Baby slings and colic: ‘It saved us’
Research suggests babies in non-Western cultures cry less because they are carried more
Rachel Kertis, a frequenter of Babywearing meet-ups in Galway, says her daughter Esme ‘would cry a lot more if she wasn’t in the sling. When I pick her up and put her in she calms right down’
“Having a sling changed our lives,” says Olwen Rowe of the breakthrough discovery she made on her second, “very colicky”, baby.
He had needed lots of time in her arms and her initial attempts to use a sling instead didn’t solve anything because she didn’t have anybody to show her how to use it properly.
“When I did find something that worked when he was four months old, it just changed everything. He was out of the classic newborn period but his crying extended beyond the three months.”
Now a mother of three children, aged 11, eight and five, she is a sling librarian in Galway for Babywearing Ireland and organises monthly meet-ups.
There is such a variety of slings and carriers on the market, “you can really be bamboozled by the choice, so to have someone to guide you through that can really help”.
Babies in non-Western cultures tend to cry significantly less and there is plenty of research to suggest that this is because they are carried more. But it is not just a matter of putting a baby in the sling and everything will be all right, Rowe explains
“It is part of the caretaking package. It is really about responsive care in the early months, so that the baby feels secure and attached. A sling can really help you with that because you keep the baby close and you can see the early signals, respond quickly.” Crying is the last stage of communication.
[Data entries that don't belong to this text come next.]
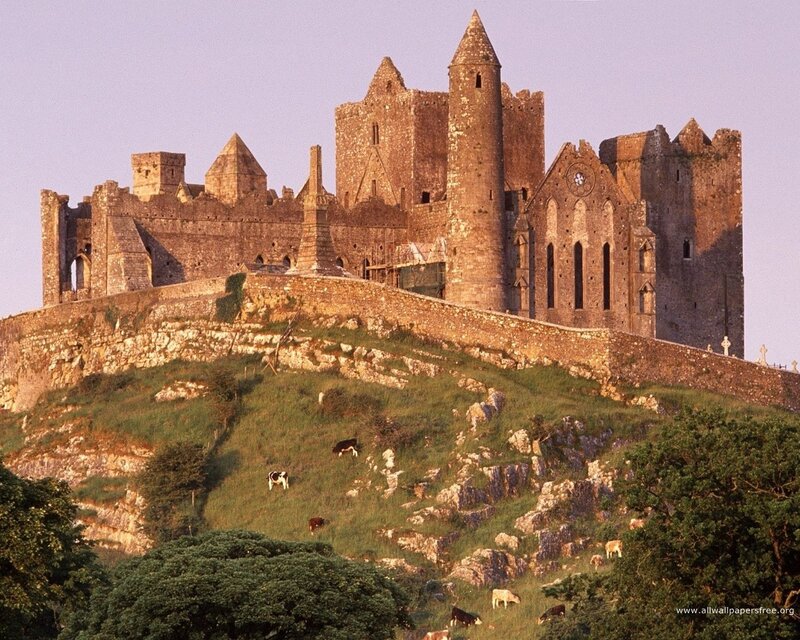 Rock of Cashel at sunset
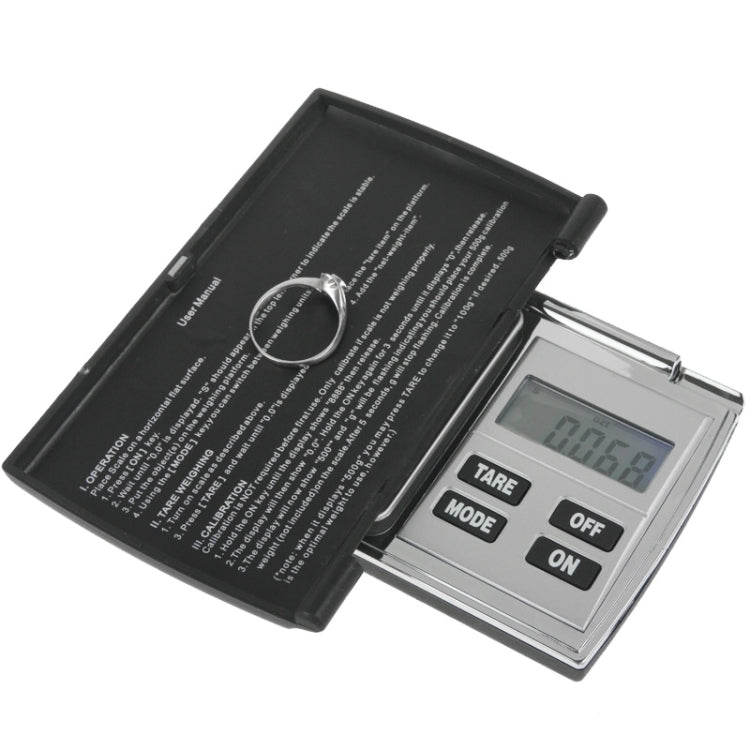 100g / 0.01g Flip Open Digital Scale with Backlight LCD Screen by buy2fix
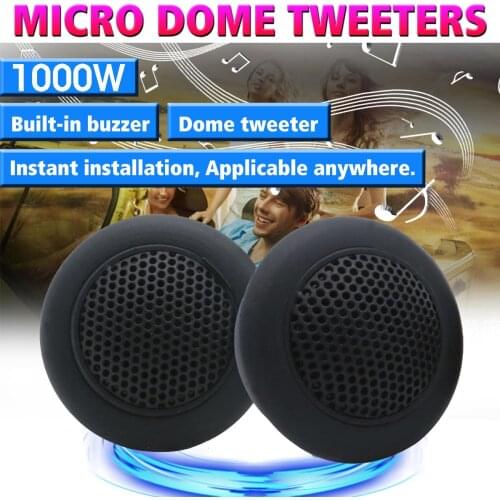 12V-24V 1Pair HIFI Micro Dome Tweeters 89db Car Audio Music Speakers Automobile Horn Loudspeaker Stereo Treble Tweeters Speaker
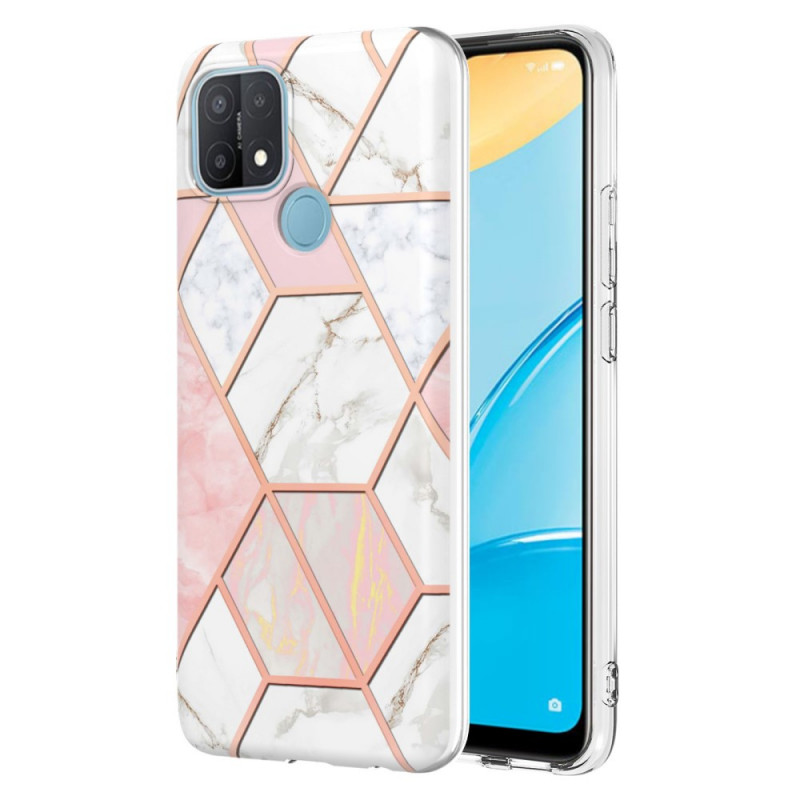 Coque Oppo A15 Marbre Géométrique Flashy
As for her own unsettled baby, she can say in hindsight “quite definitively, that it was a digestive issue and a sensory processing issue”.
Rachel Kertis thought for a while that her youngest child Esme, who is just three months old, had colic. But it turned out that she had tongue tie, which has been sorted, and she was also inclined to take in a lot of air when breastfeeding.
A frequenter of Babywearing meet-ups in Galway, she has found a sling has a really soothing effect on her daughter. “She would cry a lot more if she wasn’t in the sling. When I pick her up and put her in she calms right down.”
Kertis had tried carrying on her first baby Elliot, now aged six, but didn’t find it comfortable. However she carried her second daughter, Audrey, now aged three, a lot from birth but only after a lot of frustration trying to figure out slings.
“Once I got it, I got it” – and with that knowledge and experience it was so much easier with the latest arrival.
“Esme lives in the ring sling – it keeps her close to me and so her needs are met, which are very basic, while I get on with things for the other girls,” Kertis adds. “She loves it and is a very happy baby.”